The authors suggested this might have involved chariot-borne warriors, but that’s wrong – way too early for chariots. Wagons, men on horseback, possible and likely: no chariots. But when someone says something lie that, you wonder about their general knowledge of prehistoric archaeology – relevant in figuring this out. Actually you don’t wonder.
In an interview, Rasmus Nielsen (not part of the study) said that the Yamnaya men might have spread because they were “more focused on warfare, with faster dispersal because of technological inventions”. Which isn’t crazy. Amy Goldberg suggested that there were other possible explanations – the Yamnaya men could have been more attractive mates than European farmers because they had horses and new technologies, such as copper hammers. Now that is crazy.

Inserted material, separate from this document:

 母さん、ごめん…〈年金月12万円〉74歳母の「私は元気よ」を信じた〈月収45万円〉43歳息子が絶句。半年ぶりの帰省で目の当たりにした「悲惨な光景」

First, to be boring about it, copper metallurgy had already been developed [in the Balkans] by the early farmers – they may have done so earlier than in the Middle East. Certainly long before the Yamnaya invasions.The Iceman had a copper axe. Second, the idea that a complete replacement of y chromosomes could be driven by female choice – presumably while the local men stand aside and play video games – is nuts. Sure, it might happen today, but it’s the sort of complex nonsense that could only be embraced by college graduates. Back in the day, the only way those Yamnaya men scooped up the local sheilas was over the dead bodies of the local G2A farmers.